19. In labour law there are two poles: disputes of right and disputes of interest. They rarely meet and their attainment is normally dissimilar. The LAC in the Hospera case, considered that a benefit, contemplated by a residual unfair labour practice was situated on the pole occupied by an antecedent right to a benefit. This right arises ex contractu, ex lege or through a collective agreement. The LAC, correctly concluded that the other pole, disputes of interest, were not contemplated by the concept, ie a situation where no benefit exists but the applicant seeks to establish a benefit. Such disputes relate to matters of mutual interest and are properly the subject of negotiation on an individual or collective level.

1.

20. However, in my view there is middle ground between the poles. This is the position occupied by a spes as regards the enjoyment of a benefit. This spes could be described, in the words of E Riggs 1988 (36) American Journal of Comparative Law 395, as a private interest of a status less than a legal right. The spes must be more than a hope or a wish. It must be, in modern parlance, a legitimate expectation to a benefit. Importantly this benefit (some advantage or privilege as comprehended by the normal concept of a benefit) must be a concrete one which exists. It must be an ascertainable advantage or privilege which has been created by the employer concerned; or one which the employer has declared it will consider conferring upon employees.


21. Although legitimate expectation is better known in the context of a fair hearing or procedure in administrative law, it also has application as regards substantive matters.
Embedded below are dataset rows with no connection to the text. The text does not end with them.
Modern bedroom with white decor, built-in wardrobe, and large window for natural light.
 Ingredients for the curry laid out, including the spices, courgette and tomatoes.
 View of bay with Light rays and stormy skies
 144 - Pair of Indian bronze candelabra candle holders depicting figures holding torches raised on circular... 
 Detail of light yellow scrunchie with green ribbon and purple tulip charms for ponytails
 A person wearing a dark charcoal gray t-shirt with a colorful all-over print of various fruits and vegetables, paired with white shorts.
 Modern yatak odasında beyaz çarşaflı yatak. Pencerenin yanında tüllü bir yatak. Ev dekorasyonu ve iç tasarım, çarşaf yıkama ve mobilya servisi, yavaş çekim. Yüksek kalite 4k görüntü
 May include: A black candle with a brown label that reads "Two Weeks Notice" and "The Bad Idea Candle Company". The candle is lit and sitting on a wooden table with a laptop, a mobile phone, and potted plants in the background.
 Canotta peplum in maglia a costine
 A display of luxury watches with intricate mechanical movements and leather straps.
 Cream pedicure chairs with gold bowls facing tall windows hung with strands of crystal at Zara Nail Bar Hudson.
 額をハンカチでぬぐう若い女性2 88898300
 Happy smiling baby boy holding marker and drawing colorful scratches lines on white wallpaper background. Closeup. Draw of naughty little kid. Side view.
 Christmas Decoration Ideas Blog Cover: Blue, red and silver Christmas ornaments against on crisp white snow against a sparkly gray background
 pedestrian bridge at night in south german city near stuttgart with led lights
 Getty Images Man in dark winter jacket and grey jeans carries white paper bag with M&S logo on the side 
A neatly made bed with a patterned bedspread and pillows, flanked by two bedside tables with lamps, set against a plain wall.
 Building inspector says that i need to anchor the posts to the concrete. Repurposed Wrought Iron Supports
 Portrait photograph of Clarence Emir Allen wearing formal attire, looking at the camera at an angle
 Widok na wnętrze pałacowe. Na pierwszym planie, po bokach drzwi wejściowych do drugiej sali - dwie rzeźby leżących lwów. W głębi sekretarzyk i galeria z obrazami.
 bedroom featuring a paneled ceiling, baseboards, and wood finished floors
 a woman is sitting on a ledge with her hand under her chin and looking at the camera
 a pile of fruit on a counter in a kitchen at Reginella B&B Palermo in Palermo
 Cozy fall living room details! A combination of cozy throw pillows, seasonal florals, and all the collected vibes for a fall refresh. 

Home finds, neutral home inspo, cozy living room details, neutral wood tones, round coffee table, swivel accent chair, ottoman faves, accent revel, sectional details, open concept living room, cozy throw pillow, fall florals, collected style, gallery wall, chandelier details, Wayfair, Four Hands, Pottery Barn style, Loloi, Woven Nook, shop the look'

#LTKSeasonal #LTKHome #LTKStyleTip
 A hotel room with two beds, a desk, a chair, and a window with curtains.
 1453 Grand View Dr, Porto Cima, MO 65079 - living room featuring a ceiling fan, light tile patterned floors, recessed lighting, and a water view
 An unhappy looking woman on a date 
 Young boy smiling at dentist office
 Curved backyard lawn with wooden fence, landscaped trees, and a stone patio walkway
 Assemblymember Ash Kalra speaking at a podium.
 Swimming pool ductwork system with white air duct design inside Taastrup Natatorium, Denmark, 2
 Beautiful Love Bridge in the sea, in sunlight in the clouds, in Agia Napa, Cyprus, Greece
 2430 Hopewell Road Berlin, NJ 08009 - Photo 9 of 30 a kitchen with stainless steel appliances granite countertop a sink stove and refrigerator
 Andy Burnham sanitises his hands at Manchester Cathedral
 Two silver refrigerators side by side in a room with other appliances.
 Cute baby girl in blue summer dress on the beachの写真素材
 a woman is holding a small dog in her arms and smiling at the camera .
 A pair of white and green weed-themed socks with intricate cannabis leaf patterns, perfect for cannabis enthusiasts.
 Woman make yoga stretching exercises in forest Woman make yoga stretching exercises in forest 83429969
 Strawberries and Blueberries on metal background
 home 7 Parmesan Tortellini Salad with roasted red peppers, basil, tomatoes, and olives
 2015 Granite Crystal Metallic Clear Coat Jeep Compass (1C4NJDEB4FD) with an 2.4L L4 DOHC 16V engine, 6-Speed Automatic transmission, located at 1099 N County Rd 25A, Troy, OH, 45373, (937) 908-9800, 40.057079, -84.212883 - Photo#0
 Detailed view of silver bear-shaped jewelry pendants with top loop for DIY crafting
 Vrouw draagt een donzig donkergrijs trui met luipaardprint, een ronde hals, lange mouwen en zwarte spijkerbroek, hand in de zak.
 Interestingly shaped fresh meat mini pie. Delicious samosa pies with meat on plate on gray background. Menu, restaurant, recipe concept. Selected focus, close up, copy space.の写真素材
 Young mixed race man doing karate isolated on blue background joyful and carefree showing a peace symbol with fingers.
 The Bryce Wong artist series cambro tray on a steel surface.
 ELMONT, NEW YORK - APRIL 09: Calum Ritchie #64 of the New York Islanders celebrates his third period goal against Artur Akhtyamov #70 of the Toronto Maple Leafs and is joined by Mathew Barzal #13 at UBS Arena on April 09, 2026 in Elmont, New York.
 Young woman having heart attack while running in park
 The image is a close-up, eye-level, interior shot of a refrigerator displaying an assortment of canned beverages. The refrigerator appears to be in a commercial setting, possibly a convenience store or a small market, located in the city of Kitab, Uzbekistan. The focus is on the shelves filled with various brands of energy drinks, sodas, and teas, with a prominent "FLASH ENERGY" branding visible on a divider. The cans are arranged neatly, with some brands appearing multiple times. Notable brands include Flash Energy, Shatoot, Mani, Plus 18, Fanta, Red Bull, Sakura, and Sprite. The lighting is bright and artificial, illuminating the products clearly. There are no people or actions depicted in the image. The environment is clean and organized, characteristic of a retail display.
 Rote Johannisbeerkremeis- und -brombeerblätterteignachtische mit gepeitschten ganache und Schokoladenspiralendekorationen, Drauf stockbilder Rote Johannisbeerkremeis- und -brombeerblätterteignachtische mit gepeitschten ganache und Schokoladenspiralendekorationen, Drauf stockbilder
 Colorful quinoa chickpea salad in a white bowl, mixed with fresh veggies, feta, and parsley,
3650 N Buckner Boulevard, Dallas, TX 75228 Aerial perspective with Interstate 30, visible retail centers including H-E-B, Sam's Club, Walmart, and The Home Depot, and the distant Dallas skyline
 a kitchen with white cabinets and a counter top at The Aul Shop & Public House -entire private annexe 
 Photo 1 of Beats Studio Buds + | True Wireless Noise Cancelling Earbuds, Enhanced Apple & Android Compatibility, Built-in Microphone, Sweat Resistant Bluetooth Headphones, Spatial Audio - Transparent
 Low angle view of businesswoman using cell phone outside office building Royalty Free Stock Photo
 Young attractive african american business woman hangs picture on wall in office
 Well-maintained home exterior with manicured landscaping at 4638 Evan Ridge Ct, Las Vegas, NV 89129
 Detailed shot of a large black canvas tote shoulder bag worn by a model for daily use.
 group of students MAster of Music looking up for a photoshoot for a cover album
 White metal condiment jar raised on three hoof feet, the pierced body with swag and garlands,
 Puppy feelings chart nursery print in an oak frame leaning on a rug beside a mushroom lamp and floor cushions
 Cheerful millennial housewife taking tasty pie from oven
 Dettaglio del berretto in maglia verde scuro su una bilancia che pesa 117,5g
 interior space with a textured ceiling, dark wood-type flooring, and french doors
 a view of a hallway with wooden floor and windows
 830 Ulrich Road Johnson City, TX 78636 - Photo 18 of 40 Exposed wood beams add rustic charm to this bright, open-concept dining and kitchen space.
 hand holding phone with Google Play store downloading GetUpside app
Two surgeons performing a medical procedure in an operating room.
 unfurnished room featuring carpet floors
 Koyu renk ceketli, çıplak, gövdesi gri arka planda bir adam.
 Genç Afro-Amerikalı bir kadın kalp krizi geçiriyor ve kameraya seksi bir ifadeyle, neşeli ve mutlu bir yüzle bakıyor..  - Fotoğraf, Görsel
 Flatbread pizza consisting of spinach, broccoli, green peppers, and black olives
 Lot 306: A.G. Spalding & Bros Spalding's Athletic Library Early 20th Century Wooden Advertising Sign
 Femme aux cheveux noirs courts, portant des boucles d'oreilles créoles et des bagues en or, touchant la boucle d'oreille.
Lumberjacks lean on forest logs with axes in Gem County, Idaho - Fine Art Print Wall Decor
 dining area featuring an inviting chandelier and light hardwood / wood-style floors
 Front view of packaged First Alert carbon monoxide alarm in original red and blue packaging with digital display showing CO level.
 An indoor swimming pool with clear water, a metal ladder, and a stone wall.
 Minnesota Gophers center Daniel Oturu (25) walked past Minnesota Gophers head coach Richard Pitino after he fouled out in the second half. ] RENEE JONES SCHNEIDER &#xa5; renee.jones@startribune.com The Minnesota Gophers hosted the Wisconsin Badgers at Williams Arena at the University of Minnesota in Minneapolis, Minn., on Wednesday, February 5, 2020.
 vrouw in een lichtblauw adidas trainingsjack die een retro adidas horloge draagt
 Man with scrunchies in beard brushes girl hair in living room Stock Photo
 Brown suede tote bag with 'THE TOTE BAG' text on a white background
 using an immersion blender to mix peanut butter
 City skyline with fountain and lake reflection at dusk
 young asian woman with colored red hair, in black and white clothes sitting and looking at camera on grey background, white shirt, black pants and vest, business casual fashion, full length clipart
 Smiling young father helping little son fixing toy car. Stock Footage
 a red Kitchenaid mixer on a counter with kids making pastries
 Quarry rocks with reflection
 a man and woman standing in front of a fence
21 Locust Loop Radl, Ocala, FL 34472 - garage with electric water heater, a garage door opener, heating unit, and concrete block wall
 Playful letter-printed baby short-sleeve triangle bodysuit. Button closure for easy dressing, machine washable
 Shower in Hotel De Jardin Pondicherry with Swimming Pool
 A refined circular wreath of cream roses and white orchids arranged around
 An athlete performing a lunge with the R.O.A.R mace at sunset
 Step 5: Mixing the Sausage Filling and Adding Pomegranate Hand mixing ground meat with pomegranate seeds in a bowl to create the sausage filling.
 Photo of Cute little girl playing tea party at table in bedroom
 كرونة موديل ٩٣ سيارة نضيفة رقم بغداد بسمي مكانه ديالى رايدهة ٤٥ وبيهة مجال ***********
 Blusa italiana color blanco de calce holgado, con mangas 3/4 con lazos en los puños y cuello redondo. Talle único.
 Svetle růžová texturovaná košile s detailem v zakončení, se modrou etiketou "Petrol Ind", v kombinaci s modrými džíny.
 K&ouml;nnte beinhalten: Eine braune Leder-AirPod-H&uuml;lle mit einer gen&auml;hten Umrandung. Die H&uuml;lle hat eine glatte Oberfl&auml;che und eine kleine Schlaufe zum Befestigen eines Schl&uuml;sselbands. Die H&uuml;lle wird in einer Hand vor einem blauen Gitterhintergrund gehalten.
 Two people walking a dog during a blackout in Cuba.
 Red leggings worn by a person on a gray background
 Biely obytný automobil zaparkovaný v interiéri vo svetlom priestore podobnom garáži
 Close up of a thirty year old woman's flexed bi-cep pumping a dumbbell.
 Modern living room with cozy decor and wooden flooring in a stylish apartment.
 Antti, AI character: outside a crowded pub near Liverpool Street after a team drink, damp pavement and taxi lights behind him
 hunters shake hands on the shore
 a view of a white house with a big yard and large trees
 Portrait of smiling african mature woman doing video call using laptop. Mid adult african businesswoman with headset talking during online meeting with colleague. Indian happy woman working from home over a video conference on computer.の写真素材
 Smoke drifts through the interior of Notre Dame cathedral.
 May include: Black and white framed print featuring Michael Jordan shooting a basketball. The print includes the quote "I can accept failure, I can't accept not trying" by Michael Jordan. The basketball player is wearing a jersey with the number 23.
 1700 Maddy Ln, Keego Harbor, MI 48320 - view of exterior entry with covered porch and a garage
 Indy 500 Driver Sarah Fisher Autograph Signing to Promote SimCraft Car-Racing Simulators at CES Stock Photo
Corbett CJ in Administrator Transvaal v Traub & Others [1989] ZASCA 90; 1989 (4) SA 731 (A) at 756H-J quotes the following remarks of Lord Fraser in Council of Civil Servants Unions & Others v Minister for the Civil Service [1984] 2 ALL ER 935 (HL) at 943J-944A:


But even where a person claiming some benefit or privilege has no legal right to it, as a matter of private law, he may have a legitimate expectation of receiving the benefit or privilege, and, if so, the Courts will protect his expectation by judicial review as a matter of public law... Legitimate, or reasonable, expectation may arise either from an express promise given on behalf of a public authority or from the existence of a regular practice which the claimant can reasonably expected to continue.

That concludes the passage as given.